Figure 9. Task completion time (s) by correction method, combining all four correction types. Diamonds show the mean times.

A two-way repeated-measures analysis of variance (ANOVA) was conducted to compare the effect of the correction method and type on the task completion time. Shapiro-Wilk tests and a manual inspection of the Q-Q plot confirmed a satisfactory level of normality across all conditions. Mauchly's sphericity test was conducted to assess the assumption of sphericity. The test indicated that the assumption of sphericity was not violated (χ² = 80.2, p = 0.18).
The effect of the correction method on the task completion time was statistically significant (F_2,28 = 138.4, p < 0.0001).

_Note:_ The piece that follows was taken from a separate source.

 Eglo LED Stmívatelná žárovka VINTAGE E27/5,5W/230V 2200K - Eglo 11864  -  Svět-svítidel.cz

The effect size indicated a large effect (η_p² = 0.91). Figure 10 shows the data points grouped by correction type. Furthermore, the effect of the correction type on the task completion time was statistically significant (F_3,42 = 22.2, p < 0.0001), and the effect size indicated a large effect (η_p² = 0.61) as well. This effect, however, was expected and is not further relevant to the comparison at hand.

Figure 10. Task completion time (s) by correction type. Error bars show ±1 SE.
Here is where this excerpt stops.